**TO DO**: Your answer must be an exact copy of the entries below, with every picture removed.

[Source records]
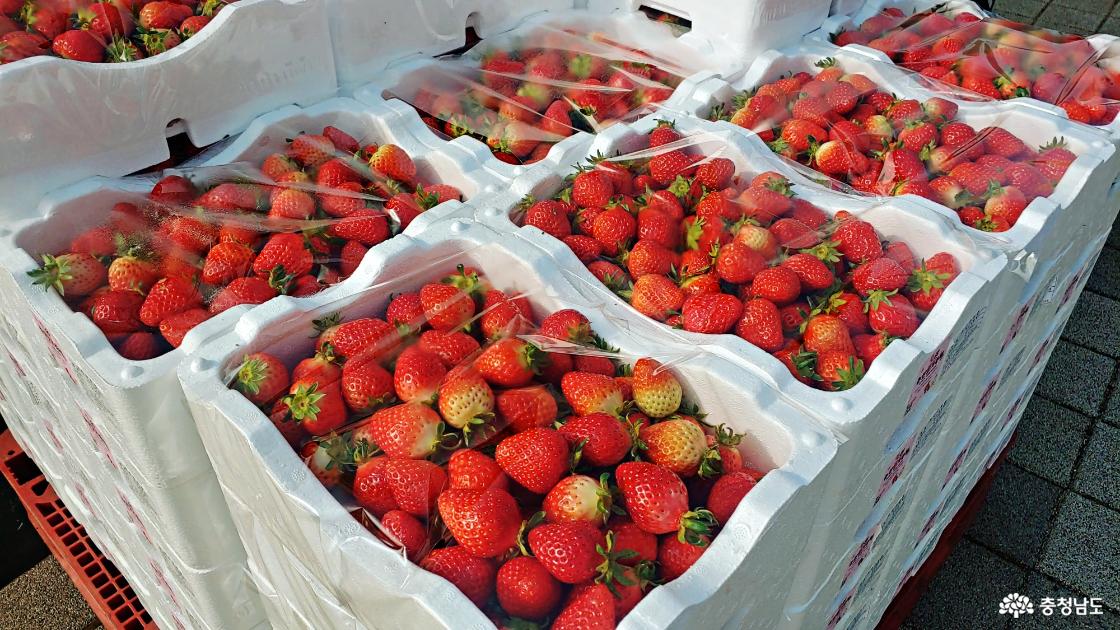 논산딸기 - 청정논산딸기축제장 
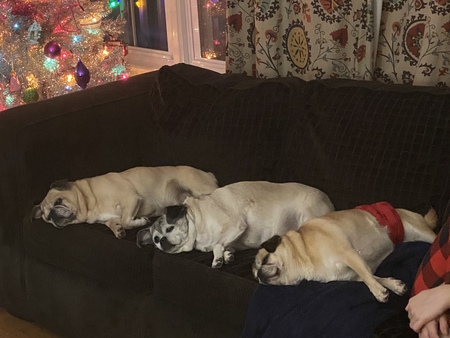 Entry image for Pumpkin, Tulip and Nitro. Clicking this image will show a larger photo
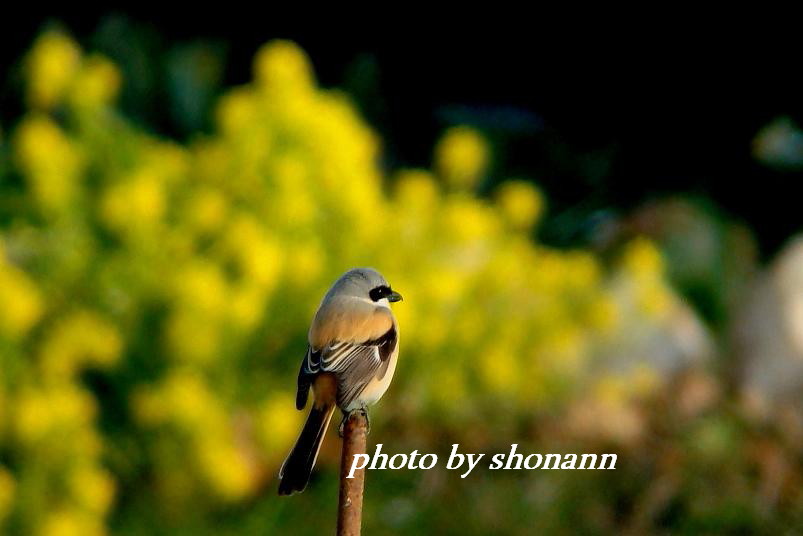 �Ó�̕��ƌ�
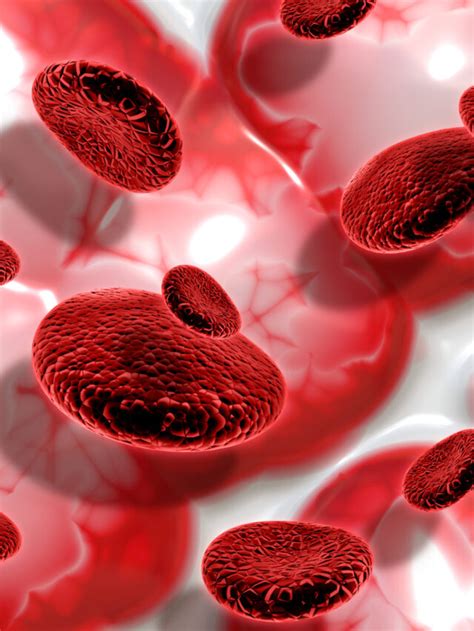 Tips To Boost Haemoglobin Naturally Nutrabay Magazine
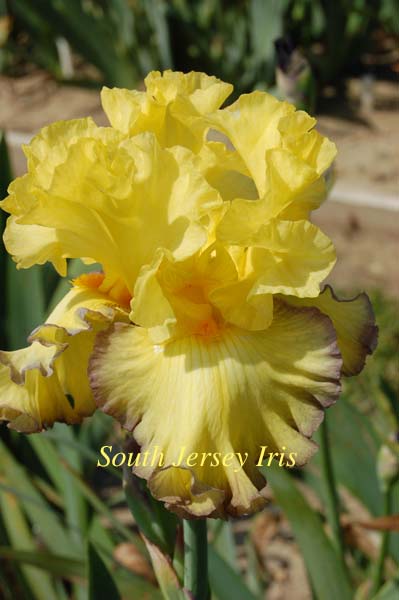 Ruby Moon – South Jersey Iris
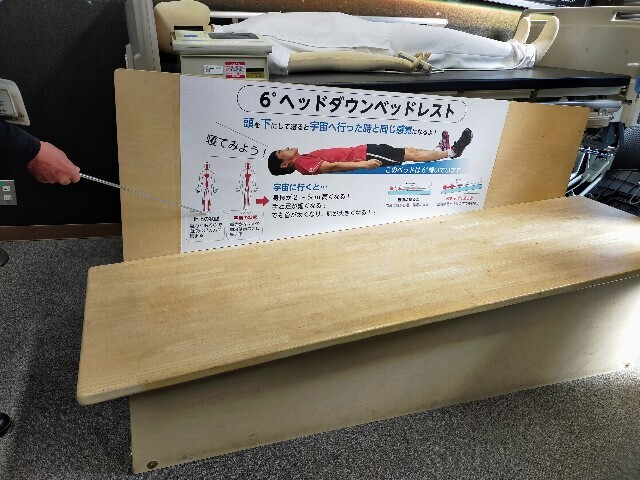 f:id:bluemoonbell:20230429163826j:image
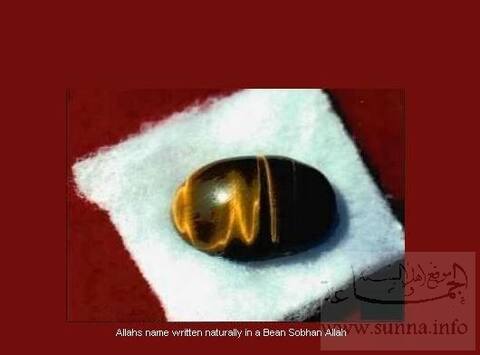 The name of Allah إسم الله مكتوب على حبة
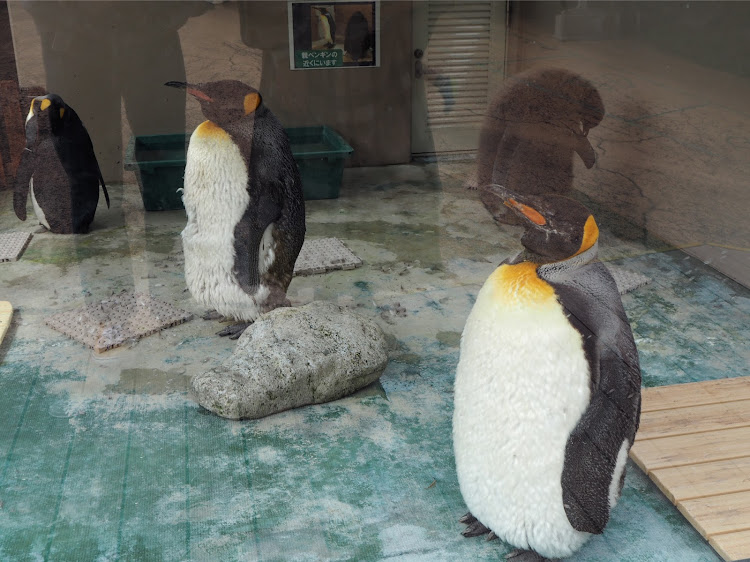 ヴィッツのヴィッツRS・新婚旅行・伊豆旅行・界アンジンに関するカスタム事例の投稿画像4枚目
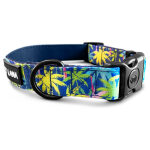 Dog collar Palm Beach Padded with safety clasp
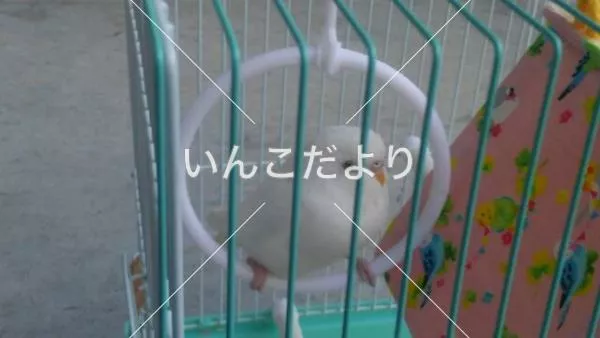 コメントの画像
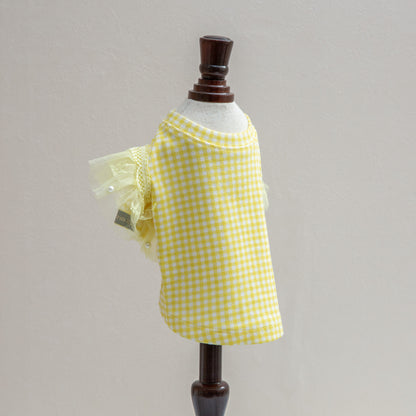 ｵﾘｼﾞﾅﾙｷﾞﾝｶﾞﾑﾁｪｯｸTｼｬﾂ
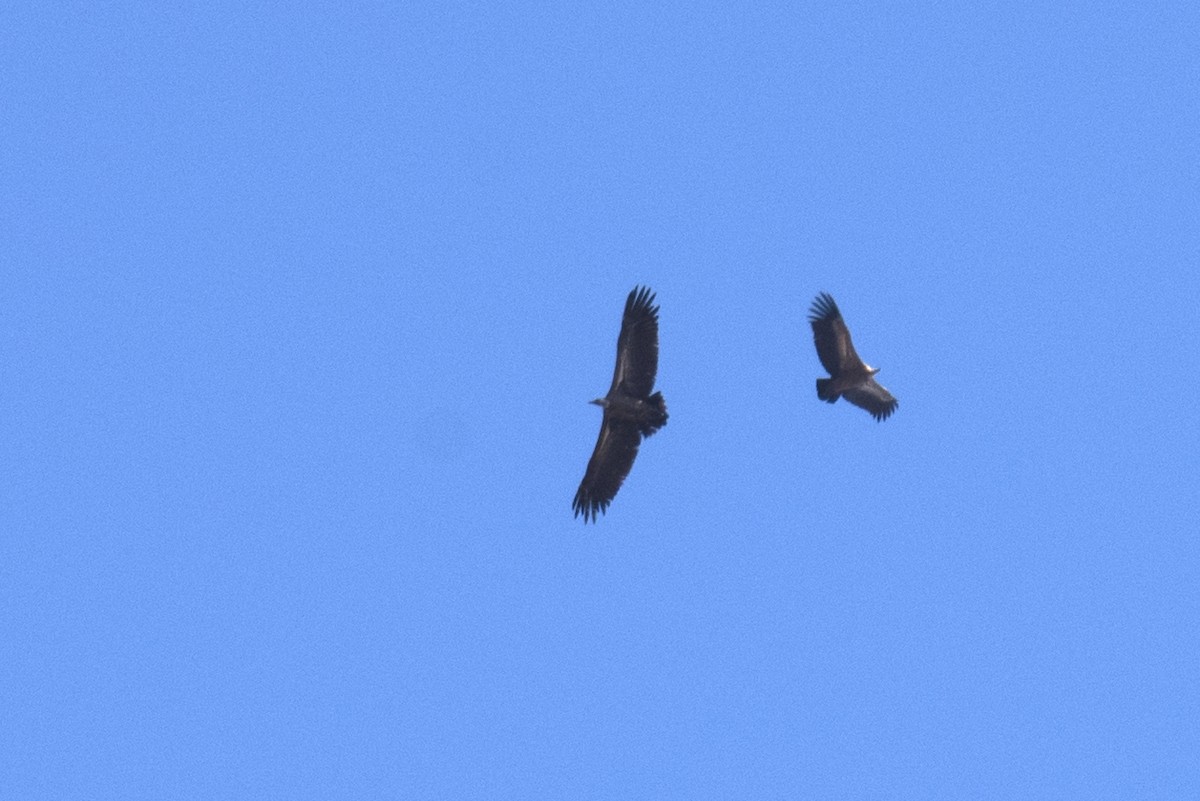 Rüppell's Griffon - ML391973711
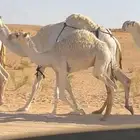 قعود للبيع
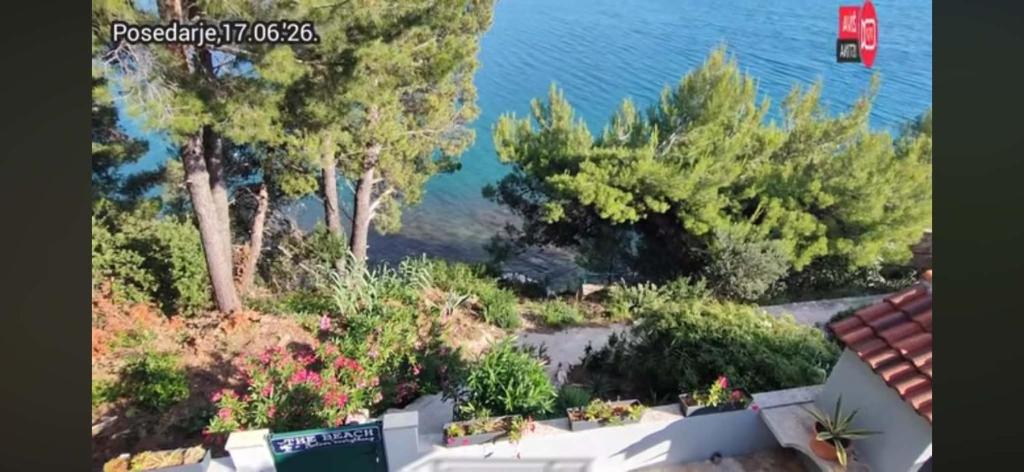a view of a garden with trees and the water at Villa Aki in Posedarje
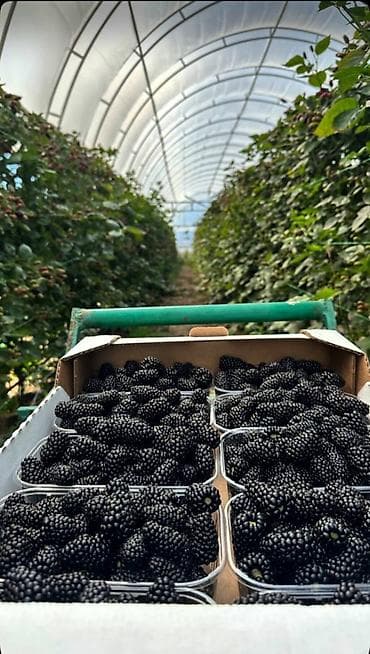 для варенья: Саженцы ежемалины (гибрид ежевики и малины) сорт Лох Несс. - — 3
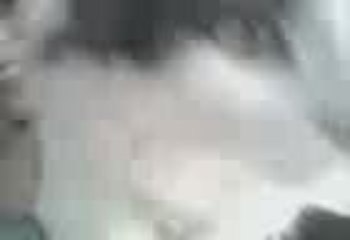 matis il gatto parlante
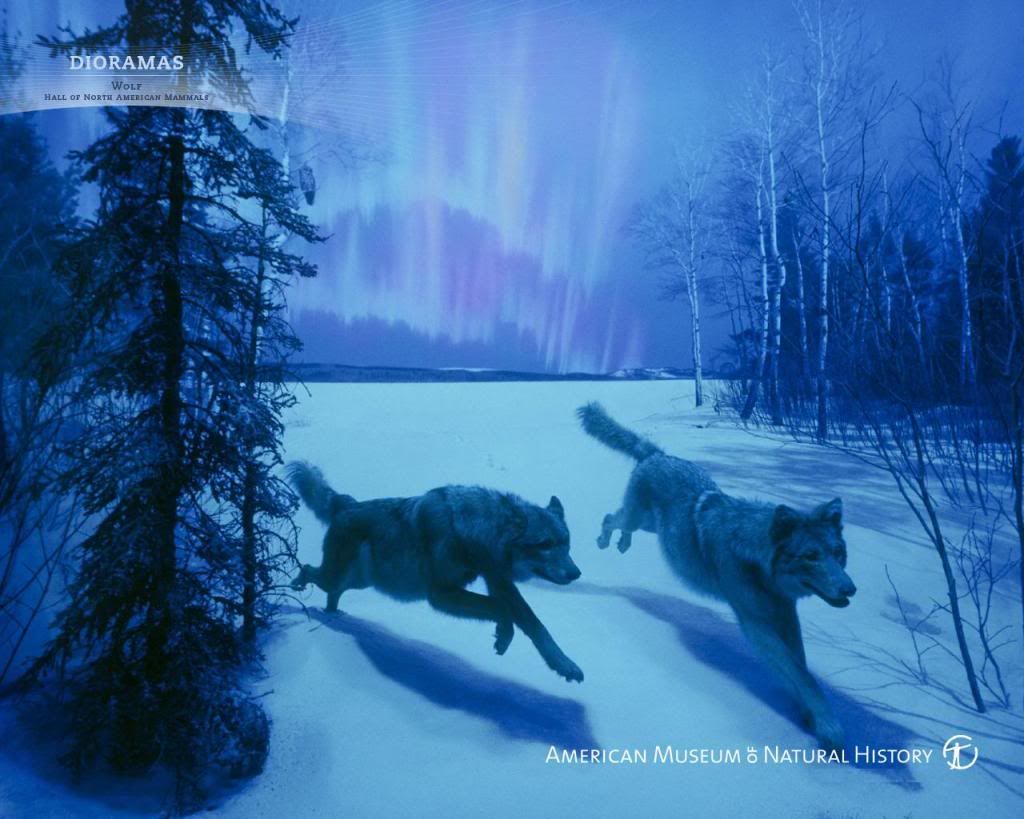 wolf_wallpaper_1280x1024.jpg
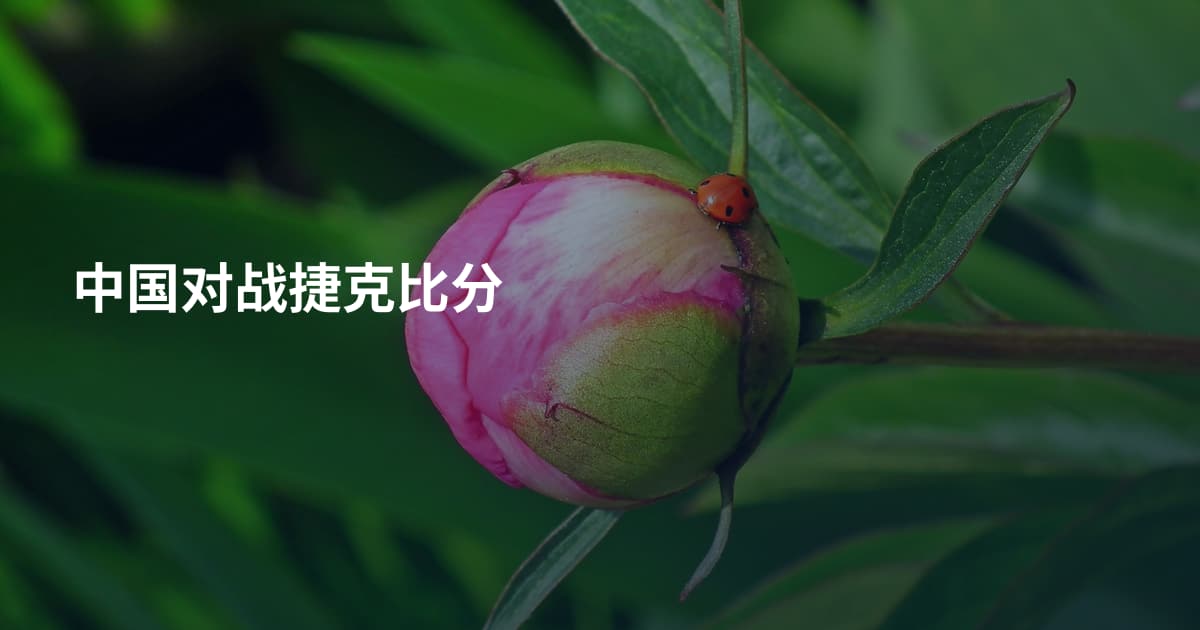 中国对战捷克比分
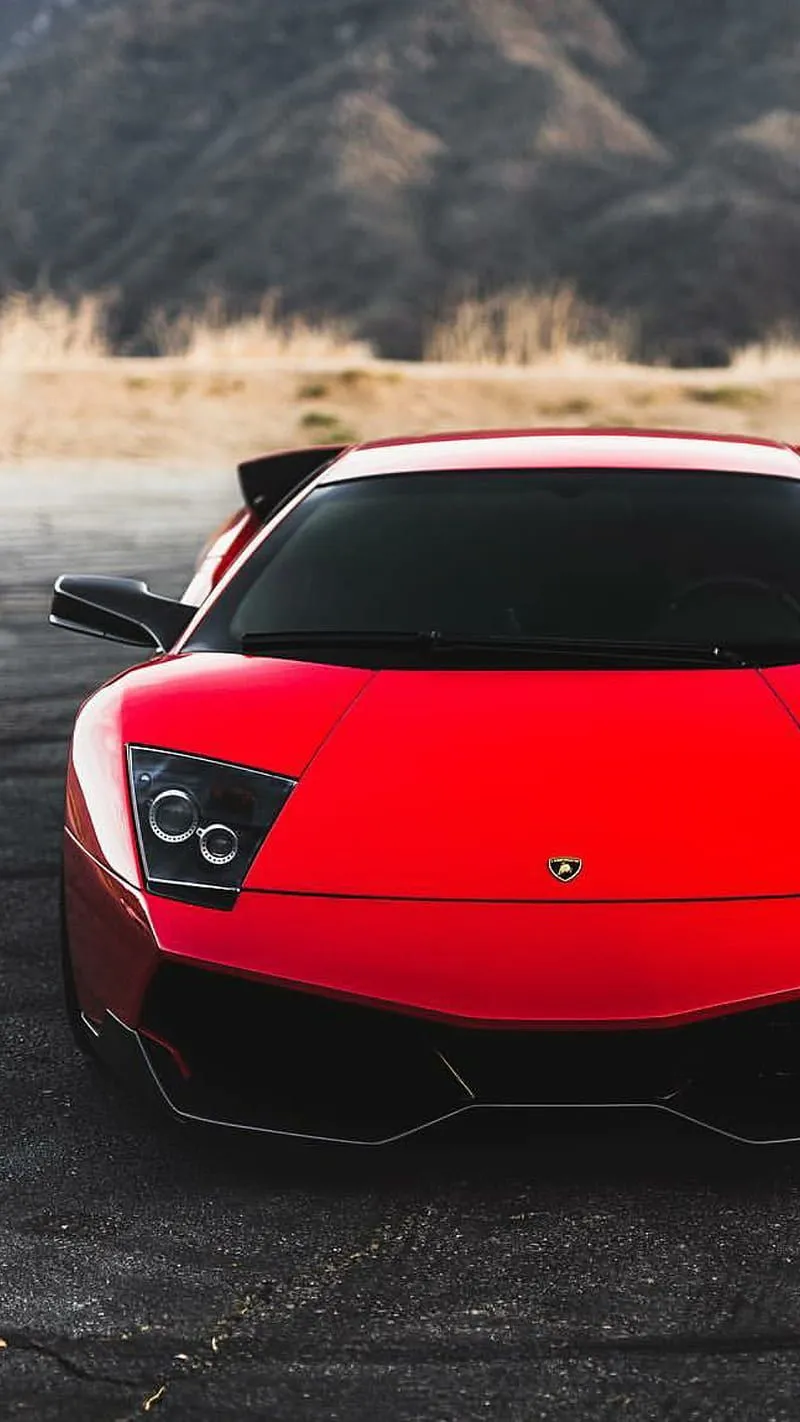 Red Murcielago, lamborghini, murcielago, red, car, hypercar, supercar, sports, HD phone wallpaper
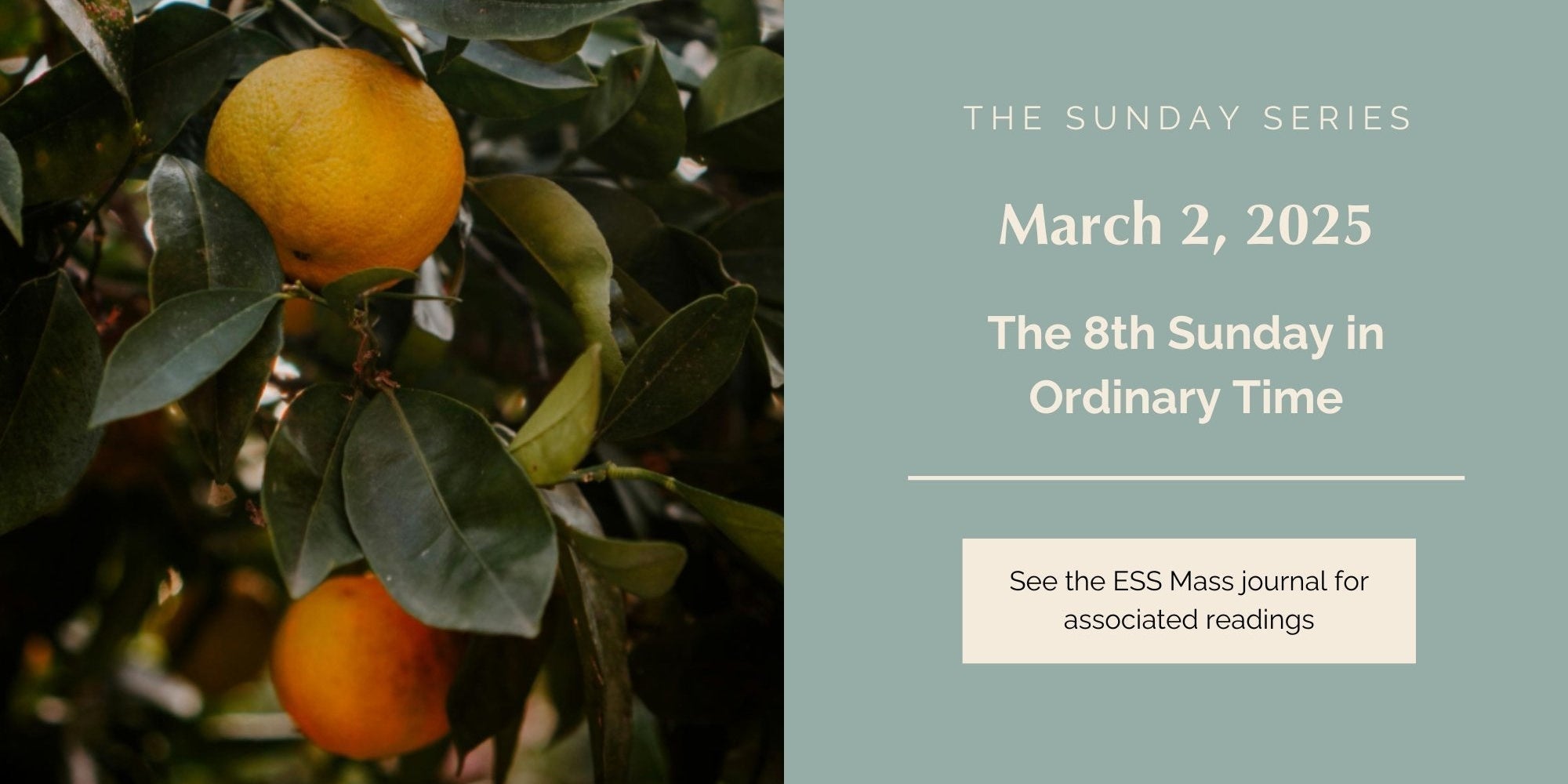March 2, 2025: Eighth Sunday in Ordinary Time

**RESULT**:
 논산딸기 - 청정논산딸기축제장 
 Entry image for Pumpkin, Tulip and Nitro. Clicking this image will show a larger photo
 �Ó�̕��ƌ�
 Tips To Boost Haemoglobin Naturally Nutrabay Magazine
 Ruby Moon – South Jersey Iris
 f:id:bluemoonbell:20230429163826j:image
 The name of Allah إسم الله مكتوب على حبة
 ヴィッツのヴィッツRS・新婚旅行・伊豆旅行・界アンジンに関するカスタム事例の投稿画像4枚目
 Dog collar Palm Beach Padded with safety clasp
 コメントの画像
 ｵﾘｼﾞﾅﾙｷﾞﾝｶﾞﾑﾁｪｯｸTｼｬﾂ
 Rüppell's Griffon - ML391973711
 قعود للبيع
a view of a garden with trees and the water at Villa Aki in Posedarje
 для варенья: Саженцы ежемалины (гибрид ежевики и малины) сорт Лох Несс. - — 3
 matis il gatto parlante
 wolf_wallpaper_1280x1024.jpg
 中国对战捷克比分
 Red Murcielago, lamborghini, murcielago, red, car, hypercar, supercar, sports, HD phone wallpaper
March 2, 2025: Eighth Sunday in Ordinary Time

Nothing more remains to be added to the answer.